Trevaia Williams

Personal information
- Born: September 7, 1968 (age 58) Houston, Texas, United States

Sport
- Sport: Track and field

Medal record
Representing United States
World Indoor Championships
| Silver medal – second place | 1993 Toronto | 4x400 m relay |
Pan American Games
| Silver medal – second place | 1995 Mar del Plata | 4x400 m relay |
Summer Universiade
| Bronze medal – third place | 1993 Buffalo | 400 m hurdles |

= Trevaia Williams =

American sprinter and hurdler (born 1968)

Trevaia Williams-Davis (née Williams; born September 7, 1968) is an American sprinter and hurdler, who specialized in the 400-meter dash. She was a silver medalist in the 4 × 400 m relay at the 1993 IAAF World Indoor Championships, along with her teammates Terri Dendy, Dyan Webber, and Natasha Kaiser-Brown. She was the bronze medalist in the 400 m hurdles at the 1993 Summer Universiade. She married Terril Davis, another sprinter. They have two sons, Isaac and Jayden Davis. She exposed her sons to the sport through her work.
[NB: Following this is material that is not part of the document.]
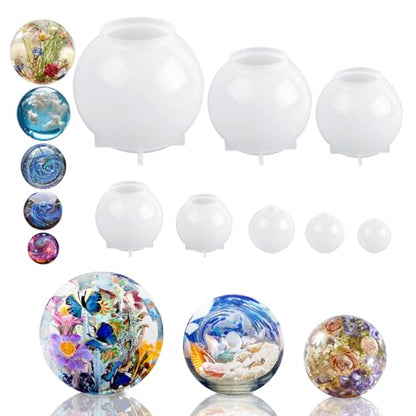 KISREL Sphere Resin Molds, 8 PCS Sphere Silicone Mold, Upgraded Epoxy Molds - size: Sphere Resin Molds - 8pcs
For example, while coaching a track club at Eduprize, a charter school in Queen Creek, Arizona, Trevaia supported her sons to train with the other kids.

Williams was an All-American hurdler and heptathlete for the UNLV Rebels track and field team, finishing 3rd in the heptathlon at the 1991 NCAA Division I Outdoor Track and Field Championships and 3rd in the 400 m hurdles at the 1992 NCAA Division I Outdoor Track and Field Championships.